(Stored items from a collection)
=====
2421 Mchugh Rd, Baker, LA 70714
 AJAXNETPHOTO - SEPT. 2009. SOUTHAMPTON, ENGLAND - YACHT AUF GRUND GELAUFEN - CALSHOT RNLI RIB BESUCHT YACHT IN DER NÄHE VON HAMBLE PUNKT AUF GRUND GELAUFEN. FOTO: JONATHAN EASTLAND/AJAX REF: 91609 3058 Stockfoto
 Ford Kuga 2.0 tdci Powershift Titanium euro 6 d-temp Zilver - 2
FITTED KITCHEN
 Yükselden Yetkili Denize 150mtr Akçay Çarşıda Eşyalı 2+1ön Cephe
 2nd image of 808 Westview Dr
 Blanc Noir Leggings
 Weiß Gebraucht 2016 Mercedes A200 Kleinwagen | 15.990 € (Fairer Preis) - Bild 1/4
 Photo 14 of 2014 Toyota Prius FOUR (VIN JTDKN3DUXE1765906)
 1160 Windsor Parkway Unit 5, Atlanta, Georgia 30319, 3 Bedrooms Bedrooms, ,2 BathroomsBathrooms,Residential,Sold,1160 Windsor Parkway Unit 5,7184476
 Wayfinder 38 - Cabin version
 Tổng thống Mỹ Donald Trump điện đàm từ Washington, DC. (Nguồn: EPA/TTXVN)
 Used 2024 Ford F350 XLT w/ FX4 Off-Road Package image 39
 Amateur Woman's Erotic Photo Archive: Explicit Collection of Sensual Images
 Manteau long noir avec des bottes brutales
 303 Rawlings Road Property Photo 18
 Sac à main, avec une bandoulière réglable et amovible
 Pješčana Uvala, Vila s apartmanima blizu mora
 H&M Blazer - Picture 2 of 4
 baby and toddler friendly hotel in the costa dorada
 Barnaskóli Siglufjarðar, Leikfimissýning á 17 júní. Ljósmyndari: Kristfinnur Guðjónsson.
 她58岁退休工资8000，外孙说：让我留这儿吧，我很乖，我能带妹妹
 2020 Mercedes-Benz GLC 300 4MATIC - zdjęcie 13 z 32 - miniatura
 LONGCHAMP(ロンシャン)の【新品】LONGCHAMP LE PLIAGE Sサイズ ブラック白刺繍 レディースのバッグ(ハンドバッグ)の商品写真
=====
Assignment>
Using the entries above, output exactly the lines between the line holding "Ford Kuga 2.0" and the line holding "baby and toddler", end lines included, and nothing more.

Your response>
 Ford Kuga 2.0 tdci Powershift Titanium euro 6 d-temp Zilver - 2
FITTED KITCHEN
 Yükselden Yetkili Denize 150mtr Akçay Çarşıda Eşyalı 2+1ön Cephe
 2nd image of 808 Westview Dr
 Blanc Noir Leggings
 Weiß Gebraucht 2016 Mercedes A200 Kleinwagen | 15.990 € (Fairer Preis) - Bild 1/4
 Photo 14 of 2014 Toyota Prius FOUR (VIN JTDKN3DUXE1765906)
 1160 Windsor Parkway Unit 5, Atlanta, Georgia 30319, 3 Bedrooms Bedrooms, ,2 BathroomsBathrooms,Residential,Sold,1160 Windsor Parkway Unit 5,7184476
 Wayfinder 38 - Cabin version
 Tổng thống Mỹ Donald Trump điện đàm từ Washington, DC. (Nguồn: EPA/TTXVN)
 Used 2024 Ford F350 XLT w/ FX4 Off-Road Package image 39
 Amateur Woman's Erotic Photo Archive: Explicit Collection of Sensual Images
 Manteau long noir avec des bottes brutales
 303 Rawlings Road Property Photo 18
 Sac à main, avec une bandoulière réglable et amovible
 Pješčana Uvala, Vila s apartmanima blizu mora
 H&M Blazer - Picture 2 of 4
 baby and toddler friendly hotel in the costa dorada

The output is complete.